Tuesday, March 4, 2014

"Do you know what it means to miss New Orleans. When that's where you left your heart. The moonlight on the bayou a creole tune that fills the air. I dream about magnolias in bloom and I'm wishin' I was there." - Louis Armstrong


There hasn't always been a party on Bourbon and I am anathema to the single-mindedness of the rest of the country about New Orleans because of Bourbon, but in a city that celebrates survival in everything we do there has to be a street to do that on. I could do very much without the neon, however. The scenes you see on national TV around this time of year only tell a fraction of our story. New Orleans is the most unique of American cities: a celebration of culture rooted in a three-hundred year old mistake. We survive, we persist, and we party. Yet only the last third of that Trinity survives past state lines. You couldn't make a gumbo with only onions...

I write this at the end of another Mardi Gras season, perhaps pensive as I tend to be going into the Lenten season or just sad that the party's over. For the first time in years, I managed to make it to the French Quarter more than once as friends and family were in town. As we walked across Canal and back into history (architecturally, anyway) I caught myself skimming my hand across three hundred-year old walls as I'm prone to do. Mardi Gras is not the season for a historically-minded thinker as myself to be in the Quarter, I've come to find out. As my hand grazed alongside the walls of Arnaud's, I noticed a very pretty girl hurling chunks of blueberry-colored vomit onto those same walls. In an instant my wanderlust for historicity on Bourbon was replaced with a deep desire for hand soap. Bad call on my part. 

It's true I'm a stalwart for an old line of thinking: a line of thinking that preaches preservation, beignets, and the history behind them. Call me out on it if you want. In a city sculpted so precariously on marsh in between two water bodies, new is not a reminder of pain for many. It's a celebration of promise. For me it's the opposite. Every move off of the high ground is a risk. An adage in New Orleans should be "the further you move away from the cemeteries, the closer you are destined to be in them." Modern engineering has made us confident in our designs and dangerously at odds with Mother Nature yet sometimes she just laughs and floods the city anyway. The blame is placed, the city is rebuilt, and the celebration of new continues. In a city where survival is counterintuitive to the universe, celebration is the only force powerful enough to keep us rooted in tradition. 

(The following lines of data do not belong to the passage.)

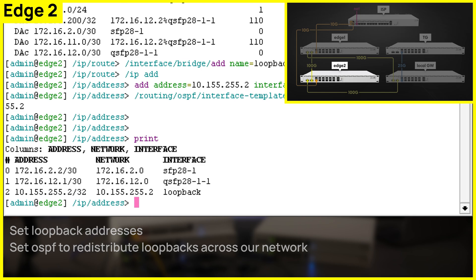Loopback addresses have been added on both edge routers. Loopbacks are best practice when setting up connections in a local network, as this allows keeping the IBGP connection up even if some of the local links fail. OSPF will find and reroute the connection to other accessible links.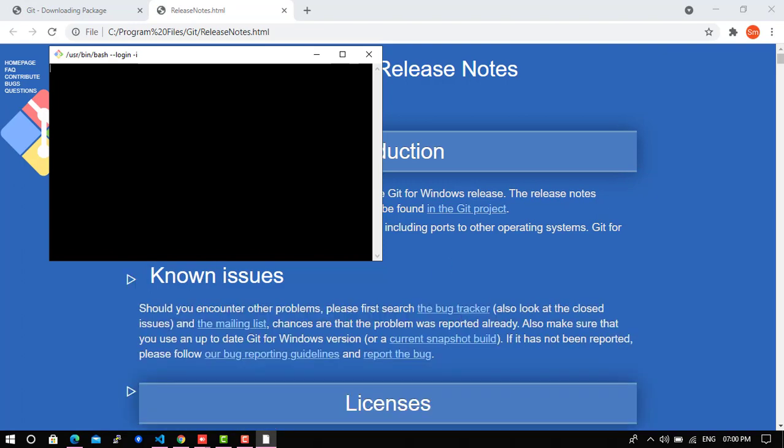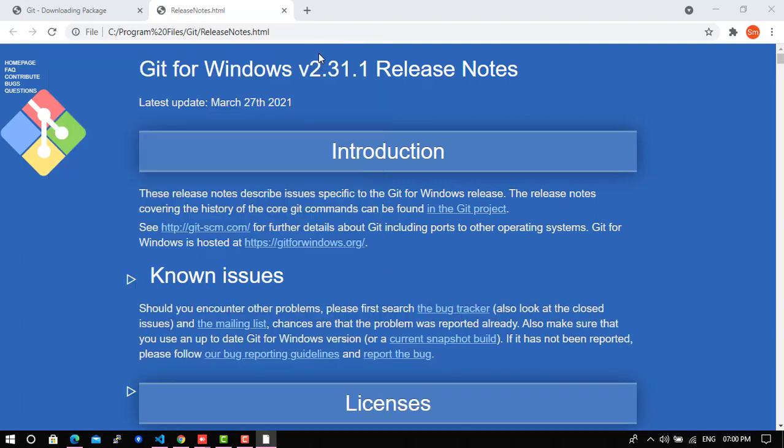You just want to launch Git Bash, so just click on it, and yeah, it is installed on the system.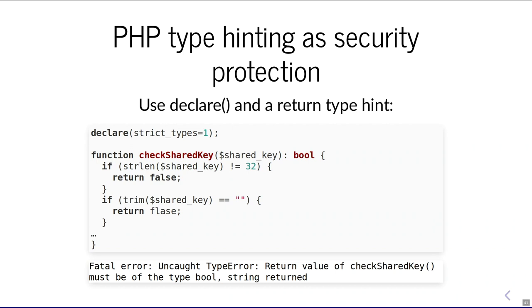We should also push for this in Drupal core so we adopt more type hints. This doesn't only catch security issues — it also catches type problems and other things you might have overlooked.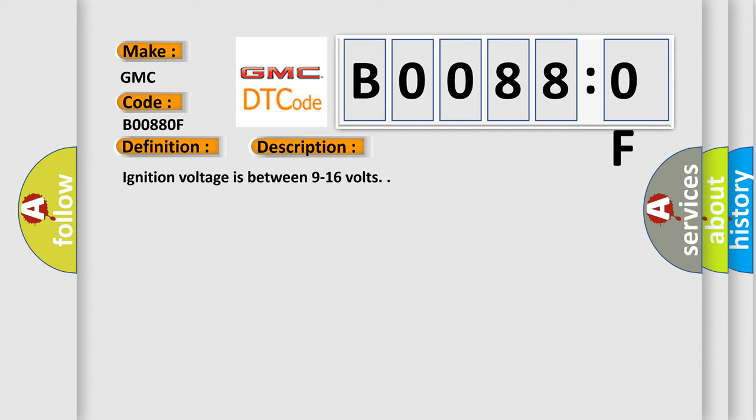Ignition voltage is between 9 to 16 volts. This diagnostic error occurs most often in these cases.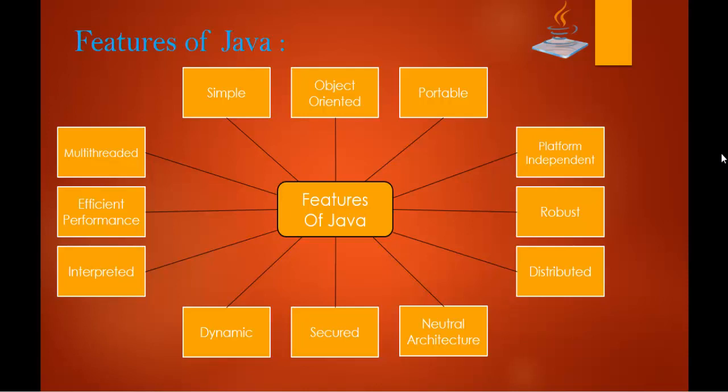Coming to multi-threaded. What do we mean by multi-threaded feature? What is thread first of all? A thread is like a separate program executing concurrently. Thread is a type of program which will be executing concurrently. We can write our Java programs that deal with many tasks at once by defining multiple threads. What is the advantage of this? The main advantage of multi-threading is that it does not occupy memory for each thread. It shares a common memory area. Threads are important for multimedia and other type of applications like web applications. This is the other feature of Java, that is multi-threaded.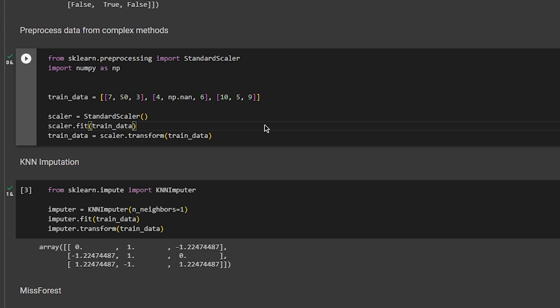If you have categorical variables, you'll have to do some kind of one-hot encoding or something like that. The first thing you want to do is import either the StandardScaler or the MinMaxScaler from sklearn.preprocessing.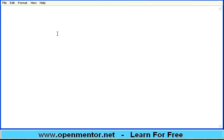Hello all, welcome to this session of openmentor.net. Our motto is the whole world can learn for free. This is one of the sessions of the HR domain webinars.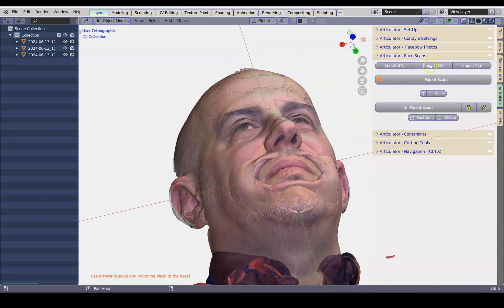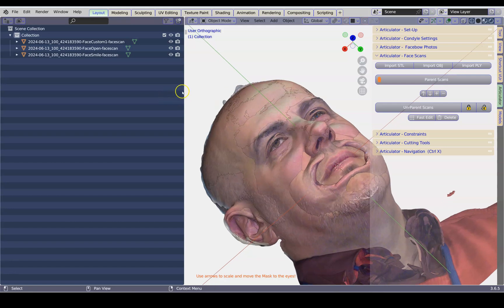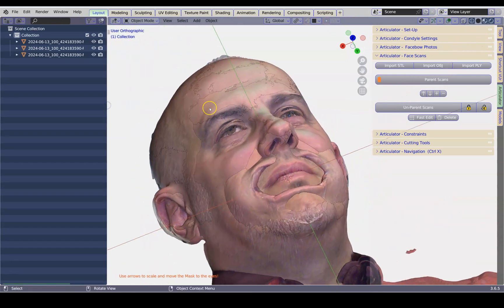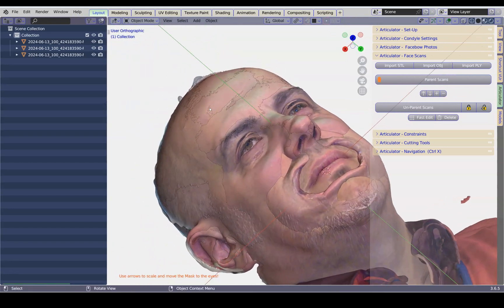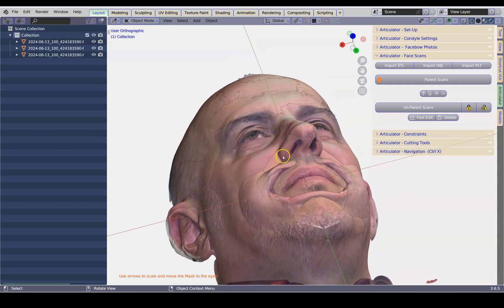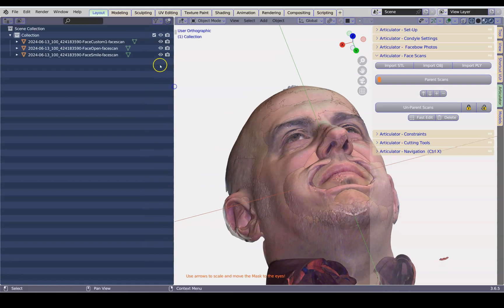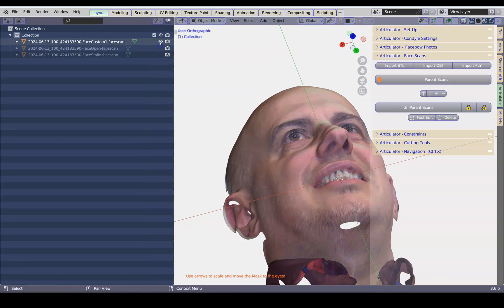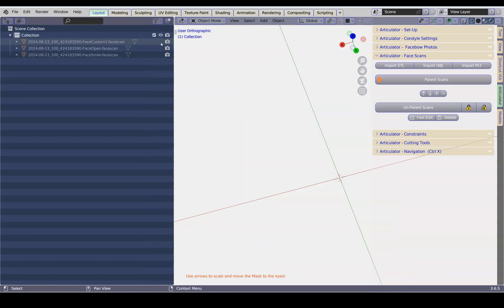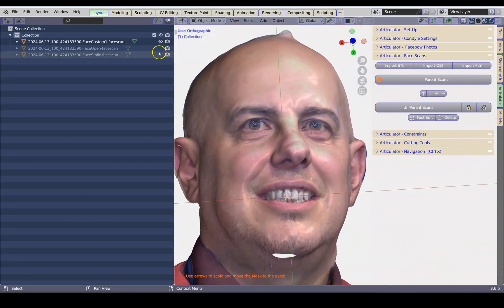We've got import STL, OBJ, or PLY. Sometimes you have more than one face scan, which means that we'd like to parent them. Depending on the software, some software align it automatically. This one, for example, we've got three different ones.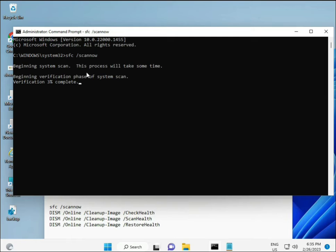The first command is sfc /scannow — it will run and find any corrupted files. The second command checks your computer's health. The third also checks health, and the fourth restores your health. All four commands are very important for your computer. Copy and paste each one, pressing Enter after each. The commands will be in the description so you can copy-paste or type manually.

I deeply appreciate those who come to New Orleans to celebrate with us. The revival of our city since Katrina has been in major part because of tourism. We love to make you feel at home. Hell, we hope you do make it your home someday. The only thing I hope you seek out when you visit are the first and second parts of my Trinity: survival and persistence. It's true we have problems. New Orleans is sinking, the murder rate is astronomical, and the Saints have to pay Jimmy Graham. When you're here we love to gloss over these things and take you out for po-boys and jazz brunch and walk it off with a lap at Audubon Park. It's the way we have come to extenuate our existence in America's most brilliant mistake. But don't think for a second we don't want to solve these problems that plague us. In these celebrations big and small we find the strength and courage to face whatever is thrown at us. Mardi Gras reinforces the feeling that we are special in this world and from there we resolve to never see the city like the world did in 2005. A Super Bowl championship throws the city into a frenzy and we realize nowhere else has such a special bond to a representation of their city like New Orleans does with their Saints.

As Lent begins, so does the time for America's most Catholic of cities to pause and reflect. For a couple of days the celebration ends and we wait. For someone who believes that new is a reminder of pain when framed in the history of New Orleans, you may think I take these days in stride. But I, like the rest of the city, realize the innate need of promise. After forty-six days a Savior will rise and JazzFest will be right around the corner. The celebration will begin anew, just in time for hurricane season.